--- PROVIDED DATA ---

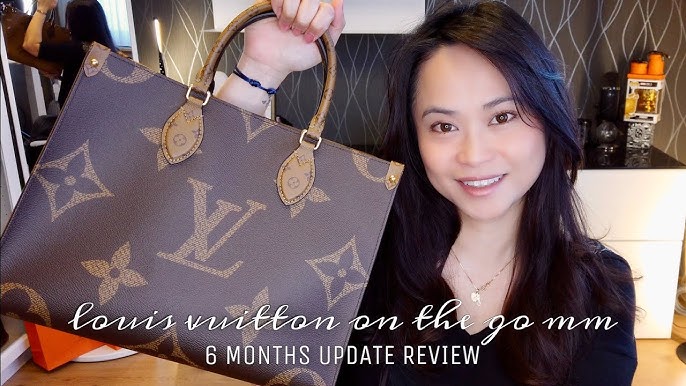 Review: Louis Vuitton Onthego - PurseBlog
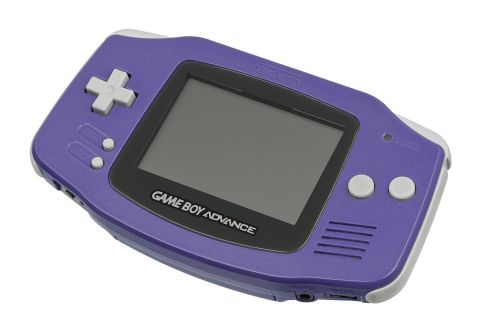 Photo de la Game Boy Advance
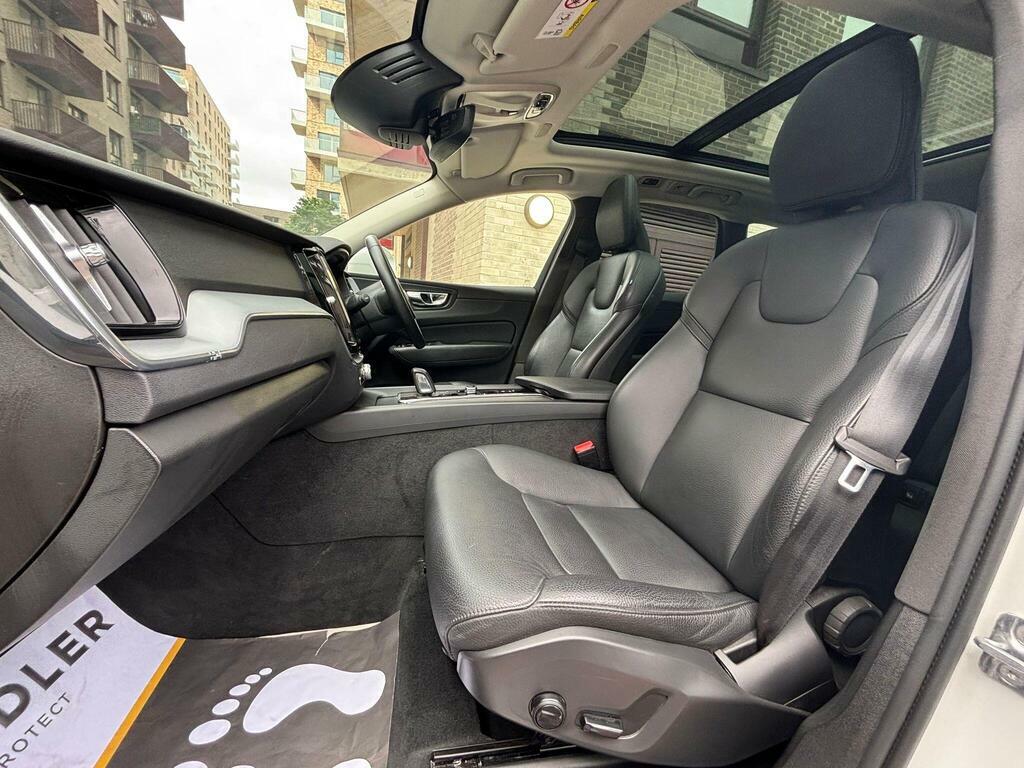 Volvo XC60 Suv Black #69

--- EXERCISE INSTRUCTIONS ---
Give back the entire listing verbatim, without the pictures.

--- RESPONSE TO THIS TASK ---
 Review: Louis Vuitton Onthego - PurseBlog
 Photo de la Game Boy Advance
 Volvo XC60 Suv Black #69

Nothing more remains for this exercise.